L’art. 179quater al. 1 CP ne trouve cependant pas application lorsque les faits se déroulent devant l’entrée et sur le palier d’un immeuble comportant plusieurs logements et opposent les habitants de cet immeuble entre eux. Il s’agit en effet d’un espace utilisé de manière égale par les différents habitants de l’immeuble et sur lequel aucun ne dispose d’un droit exclusif. En conséquence, dans leurs relations internes, les habitants de l’immeuble ne bénéficient pas dans ces espaces de la même protection de leur sphère privée que celle qui prévaut dans leur appartement ou à proximité de l’entrée d’une maison individuelle sur laquelle une personne dispose un droit exclusif. Dans ces espaces communs, les habitants de l’immeuble ne peuvent pas se prévaloir de l’art. 179quater al. 1 CP les uns contre les autres (cf. arrêt 6B_1149/2013 du 13 novembre 2014 consid. 1.3).
La cour cantonale a retenu que le consentement des copropriétaires concernés par l’installation d’une caméra de vidéosurveillance devait être exprès. Il résultait d’ailleurs d’une des images produites par le recourant que la caméra de vidéosurveillance avait été aspergée de peinture noire, acte que celui-ci attribuait à son frère ou à sa belle-soeur, ce qui démontrait à tout le moins que ces derniers n’avaient pas consenti à cette mesure de surveillance. Au demeurant, les infractions dont le recourant entendait se protéger n’étaient à l’évidence pas d’une gravité suffisante pour justifier l’installation d’une caméra sans obtenir l’accord des habitants de l’immeuble. Faute de danger imminent, l’état de nécessité n’entrait pas davantage en ligne de compte; l’installation d’une caméra dans un tel contexte démontrait d’ailleurs que le danger n’était pas amené à se concrétiser de manière immédiate.
Le recourant soutient que le jardin serait une partie commune de l’immeuble, ce qui résulterait des faits retenus par la cour cantonale en lien avec un autre aspect du litige. L’art. 179quater al. 1 CP qui protège le domaine secret ou privé ne trouverait dès lors pas application dans le cas d’espèce. Le recourant souligne que la cour cantonale aurait d’ailleurs considéré que cette disposition n’était pas applicable aux faits reprochés à l’intimée 3, au motif qu’ils s’étaient déroulés dans le jardin, partie commune de l’immeuble.
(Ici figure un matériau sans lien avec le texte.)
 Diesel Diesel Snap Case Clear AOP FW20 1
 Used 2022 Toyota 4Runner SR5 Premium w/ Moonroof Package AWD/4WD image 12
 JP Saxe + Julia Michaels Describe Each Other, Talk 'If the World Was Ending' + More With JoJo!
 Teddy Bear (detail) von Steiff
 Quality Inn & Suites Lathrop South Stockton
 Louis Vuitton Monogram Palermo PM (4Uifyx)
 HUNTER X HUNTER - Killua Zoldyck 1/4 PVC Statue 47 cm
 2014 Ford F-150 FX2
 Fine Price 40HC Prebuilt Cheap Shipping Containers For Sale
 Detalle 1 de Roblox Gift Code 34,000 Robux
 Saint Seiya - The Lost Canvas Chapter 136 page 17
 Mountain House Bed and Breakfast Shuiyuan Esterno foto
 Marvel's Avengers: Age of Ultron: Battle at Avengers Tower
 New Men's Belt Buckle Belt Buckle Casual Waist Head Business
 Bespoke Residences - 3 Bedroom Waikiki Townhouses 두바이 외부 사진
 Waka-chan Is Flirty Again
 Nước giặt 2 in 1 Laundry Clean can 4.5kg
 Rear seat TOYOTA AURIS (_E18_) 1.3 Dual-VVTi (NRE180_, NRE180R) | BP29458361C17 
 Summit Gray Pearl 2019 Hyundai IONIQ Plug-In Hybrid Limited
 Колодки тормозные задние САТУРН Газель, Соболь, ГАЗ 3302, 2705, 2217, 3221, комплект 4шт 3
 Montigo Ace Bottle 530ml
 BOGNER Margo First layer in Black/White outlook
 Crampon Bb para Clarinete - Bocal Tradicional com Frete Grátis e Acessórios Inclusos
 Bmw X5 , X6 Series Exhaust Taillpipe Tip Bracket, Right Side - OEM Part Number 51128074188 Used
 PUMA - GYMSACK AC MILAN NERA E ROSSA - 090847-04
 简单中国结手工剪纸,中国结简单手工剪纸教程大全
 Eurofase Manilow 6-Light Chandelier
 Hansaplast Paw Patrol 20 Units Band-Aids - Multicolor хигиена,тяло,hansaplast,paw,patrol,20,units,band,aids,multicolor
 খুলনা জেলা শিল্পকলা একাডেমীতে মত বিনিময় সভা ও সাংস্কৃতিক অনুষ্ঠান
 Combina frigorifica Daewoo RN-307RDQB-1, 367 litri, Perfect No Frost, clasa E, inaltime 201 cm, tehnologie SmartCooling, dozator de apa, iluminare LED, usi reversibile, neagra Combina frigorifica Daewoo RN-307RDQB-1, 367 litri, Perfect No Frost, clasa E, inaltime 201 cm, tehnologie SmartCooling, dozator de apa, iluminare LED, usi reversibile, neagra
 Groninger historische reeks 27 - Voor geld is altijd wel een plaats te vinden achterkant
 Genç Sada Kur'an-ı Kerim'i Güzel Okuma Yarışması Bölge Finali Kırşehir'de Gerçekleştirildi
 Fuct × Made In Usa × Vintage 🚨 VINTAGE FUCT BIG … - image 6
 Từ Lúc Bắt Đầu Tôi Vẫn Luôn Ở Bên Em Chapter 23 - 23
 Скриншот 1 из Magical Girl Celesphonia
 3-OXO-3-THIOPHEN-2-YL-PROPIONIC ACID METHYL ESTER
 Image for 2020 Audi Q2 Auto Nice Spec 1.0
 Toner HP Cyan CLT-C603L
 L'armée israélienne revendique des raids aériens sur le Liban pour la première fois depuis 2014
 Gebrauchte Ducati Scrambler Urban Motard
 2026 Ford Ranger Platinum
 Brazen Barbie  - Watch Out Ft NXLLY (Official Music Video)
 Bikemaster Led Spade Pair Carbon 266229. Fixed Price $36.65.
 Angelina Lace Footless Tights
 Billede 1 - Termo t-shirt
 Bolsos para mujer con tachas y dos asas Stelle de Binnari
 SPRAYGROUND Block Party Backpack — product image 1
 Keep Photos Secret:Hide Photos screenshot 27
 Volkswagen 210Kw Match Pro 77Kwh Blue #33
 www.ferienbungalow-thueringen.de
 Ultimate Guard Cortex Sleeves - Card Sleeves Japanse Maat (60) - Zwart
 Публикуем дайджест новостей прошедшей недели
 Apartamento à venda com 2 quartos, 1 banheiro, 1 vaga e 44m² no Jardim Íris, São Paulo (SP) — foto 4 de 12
En l’espèce, il ressort du jugement cantonal que le recourant a installé une caméra de vidéosurveillance en direction « du jardin et du potager de la maison » et que l’intimé 2 était filmé sans son consentement à chaque fois qu’il se rendait en ces lieux. Or lorsqu’elle s’est prononcée sur la réalisation de l’infraction en cause, la cour cantonale a omis d’examiner si les lieux visés par la caméra de vidéosurveillance réalisaient l’élément constitutif objectif du domaine secret ou privé.
Lors de l’examen du caractère licite des preuves produites, la cour cantonale avait retenu que la caméra de vidéosurveillance était placée à l’extérieur du logement du recourant et de sa compagne avec pour fonction de surveiller des parties communes de l’immeuble, en l’occurrence le jardin potager. Également appelée à se prononcer sur des faits s’étant déroulés dans le jardin de la maison et imputés à l’intimé 2, respectivement à l’intimée 3, la cour cantonale a rappelé, aux termes d’un examen circonstancié, que tant le jardin que le jardin potager étaient des parties communes de l’immeuble. Autrement dit, les occupants de l’immeuble – soit le recourant et sa compagne, d’une part, et les intimés 2 et 3, d’autre part, – n’y disposent pas d’un droit exclusif les uns par rapport aux autres; dans ces circonstances, ils ne bénéficient pas entre eux d’une protection de leur sphère privée en ces lieux. Dans la mesure où la caméra de vidéosurveillance du recourant était dirigée vers ces endroits – et non en direction d’un espace relevant de leur domaine privé au sens étroit -, les intimés 2 et 3 ne peuvent pas invoquer une violation de leur domaine privé pour se plaindre de cette installation.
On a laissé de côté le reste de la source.